This past week was my mother-in-law and father-in-law’s birthday. It’s sweet to think they are high school sweethearts who were born in the same year, in the same week. Their birthday’s are 2 days apart, which is pretty awesome to me. Anyhow, today we had a joint celebration for them, which turned out to be more of a casual get-together. Regardless I wanted to bring dessert that vegan friendly for my brother and sister-in-law. I didn’t make these from scratch, and in fact used Duncan Hines Red Velvet cake mix. Duncan Hines cake mixes and frosting have no dairy or animal products in them so it makes it much easier for me. I also replace the egg, water and butter with 10 oz of coke. You can use any dark soda, and it works just as well as the real ingredients.
I love how vivid the red is in this mix.

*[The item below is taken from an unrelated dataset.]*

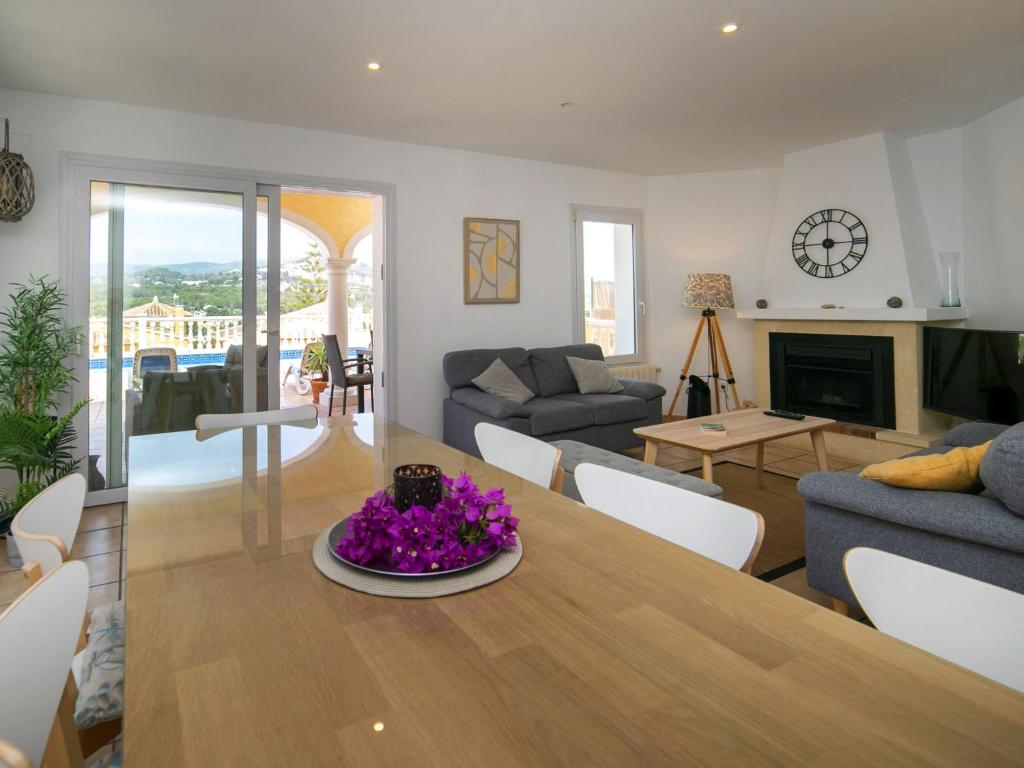 Holiday Home Sandra by Interhome - 3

I was also going to add a cherry jam in the core of the cupcakes, but cherries are hideously expensive right now, so I settled for adding raspberries as decoration. They’re in season right now and I almost ate them all before I could use them.
I also tried a decoration idea from Pinterest but it didn’t quite translate as well as I thought so I didn’t end up using them. It’s actually why I had the raspberries because I was going to make a flower using them and almond slivers as the petals. I had a few different styles, but stuck with the raspberries in the end.